Le Sénégal a énormément pesé pour la stabilité politique et économique de la Guinée Bissau, parrainant son entrée dans la Francophonie (1979) et dans la zone Uemoa (1997). Bien qu’hésitant au début du conflit au Mali, le Sénégal compte actuellement plus de 1 300 militaires et policiers engagés dans les différents théâtres d’opérations au Mali sous l’égide de la Minusma (mission dee l’ONU). Globalement, de relations complexes, compliquées, parfois conflictuelles, le Sénégal est entré dans une phase de coexistence pacifique voire de co-développement économique et sociale avec ses voisins immédiats.

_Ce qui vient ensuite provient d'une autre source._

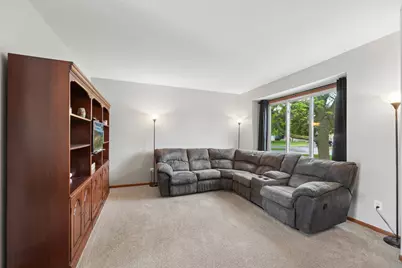 6096 Kalland Circle NE, Albertville, MN 55301 - Photo 8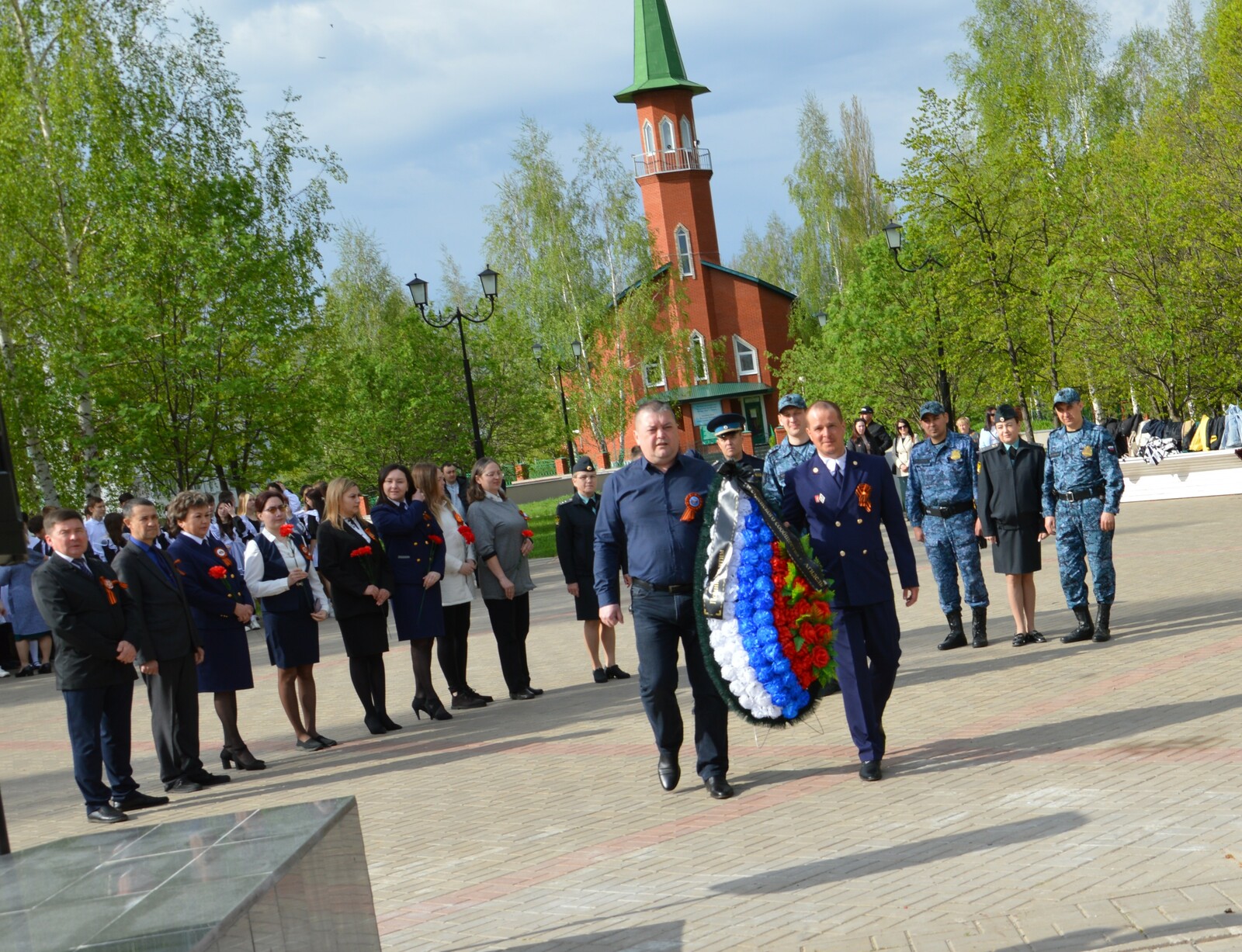 Работники судебной системы почтили память героев Великой Победы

Tolérance et vivre-ensemble
A l’échelle du continent, en plus de la participation de casques bleus sénégalais dans la plupart des conflits passés et actuels (Congo, Rwanda, Soudan, Centrafrique, etc.), Dakar a joué un rôle important dans la chute du régime raciste d’Afrique du Sud, notamment lorsque Abdou Diouf présidait aux destinées de l’Organisation de l’unité africaine (actuelle Union africaine). C’est d’ailleurs à Dakar que s’est tenue la conférence considérée comme l’un des déclencheurs de la fin du système d’apartheid, réunissant en 1987 le Congrès national africain (ANC) et des Afrikaners. Dakar s’est aussi activement singularisé dans la résolution pacifique de crises ou conflits (Côte d’Ivoire et Madagascar en 2002). Sur le plan économique, le Sénégal sous Abdoulaye Wade a été à l’initiative de plusieurs programmes panafricains dont le NEPAD. Enfin, dans un contexte international marqué par la violence idéologique et identitaire, le soft power sénégalais s’appuie sur la dimension religieuse pour raffermir ses relations avec d’autres pays (Maroc, Niger, Nigéria) et affirmer la nécessité du dialogue islamo-chrétien. Le premier président, Léopold Sedar Senghor, étant chrétien dans un pays majoritairement musulman, cet argument est naturellement présenté comme gage de la tolérance et du vivre-ensemble sénégalais.